[Data extracts Boundary: Start]
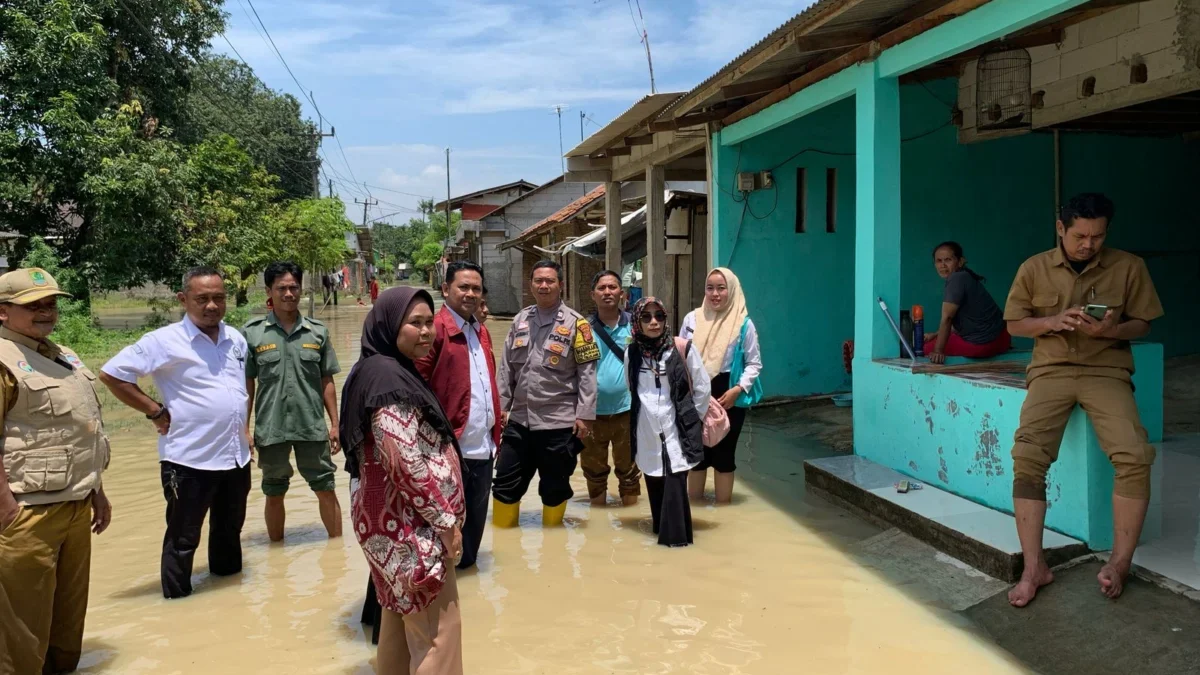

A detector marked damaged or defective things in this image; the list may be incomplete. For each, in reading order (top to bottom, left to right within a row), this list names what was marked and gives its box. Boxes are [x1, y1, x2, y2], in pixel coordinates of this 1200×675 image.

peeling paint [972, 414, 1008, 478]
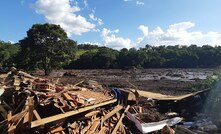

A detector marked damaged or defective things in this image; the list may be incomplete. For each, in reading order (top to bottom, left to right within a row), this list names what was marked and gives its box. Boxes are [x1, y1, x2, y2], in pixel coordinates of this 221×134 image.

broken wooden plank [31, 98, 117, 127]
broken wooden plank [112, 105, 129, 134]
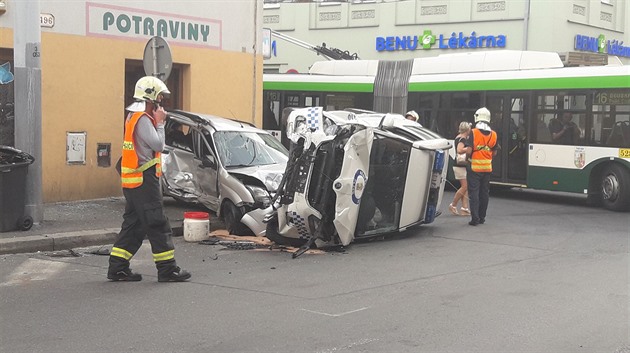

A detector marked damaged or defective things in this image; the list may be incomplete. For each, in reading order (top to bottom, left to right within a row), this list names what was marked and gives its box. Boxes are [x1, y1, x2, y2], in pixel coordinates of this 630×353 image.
[Data extracts Boundary: End]
[Data extracts Boundary: Start]
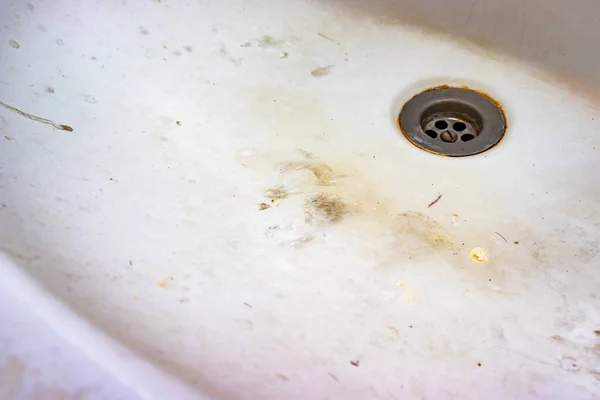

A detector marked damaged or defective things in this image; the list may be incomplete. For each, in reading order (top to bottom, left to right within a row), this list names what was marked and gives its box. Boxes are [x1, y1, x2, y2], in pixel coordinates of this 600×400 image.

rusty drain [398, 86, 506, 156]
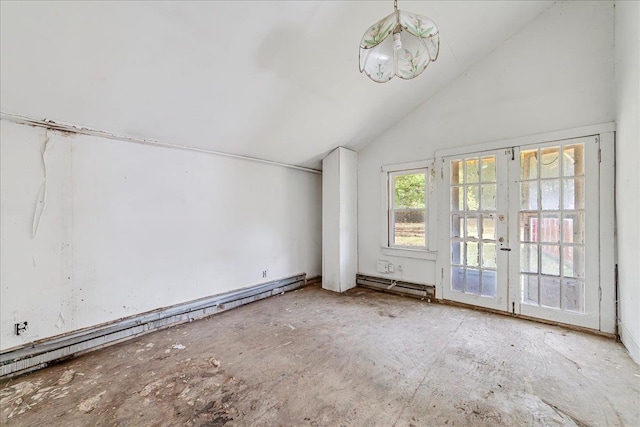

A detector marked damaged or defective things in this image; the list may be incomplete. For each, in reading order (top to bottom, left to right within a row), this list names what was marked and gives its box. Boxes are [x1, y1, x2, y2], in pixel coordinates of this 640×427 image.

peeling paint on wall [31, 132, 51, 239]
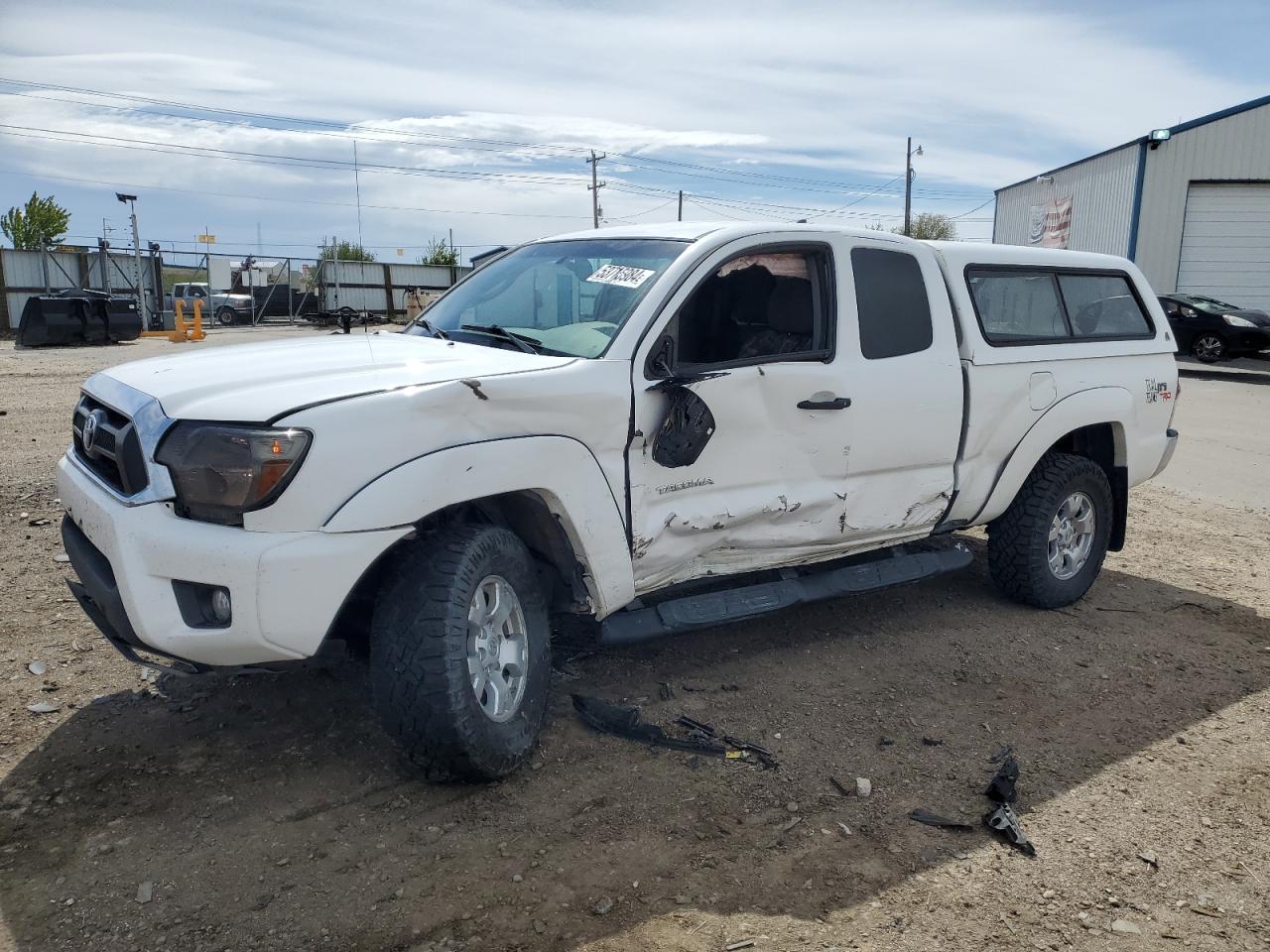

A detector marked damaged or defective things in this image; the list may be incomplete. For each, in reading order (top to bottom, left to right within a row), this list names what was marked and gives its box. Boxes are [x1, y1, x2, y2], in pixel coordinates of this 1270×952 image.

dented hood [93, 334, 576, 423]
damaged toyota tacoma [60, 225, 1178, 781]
[Data extracts Boundary: End]
Beginning with the line holding "this 1200×675 image." in the material above, restate word for word each line through the line holding "this 630×353 image.", and exclude pictures.

◆ Response to this exercise ◆
A detector marked damaged or defective things in this image; the list may be incomplete. For each, in reading order (top to bottom, left to right within a row), this list names what was marked and gives its box. Boxes are [x1, y1, x2, y2], in pixel coordinates of this 1200×675 image.

peeling paint [972, 414, 1008, 478]

A detector marked damaged or defective things in this image; the list may be incomplete. For each, in reading order (top to bottom, left to right within a row), this list names what was marked and gives its box. Boxes are [x1, y1, x2, y2], in pixel coordinates of this 221×134 image.

broken wooden plank [31, 98, 117, 127]
broken wooden plank [112, 105, 129, 134]

A detector marked damaged or defective things in this image; the list may be incomplete. For each, in reading order (top to bottom, left to right within a row), this list names what was marked and gives its box. Boxes are [x1, y1, x2, y2], in pixel coordinates of this 630×353 image.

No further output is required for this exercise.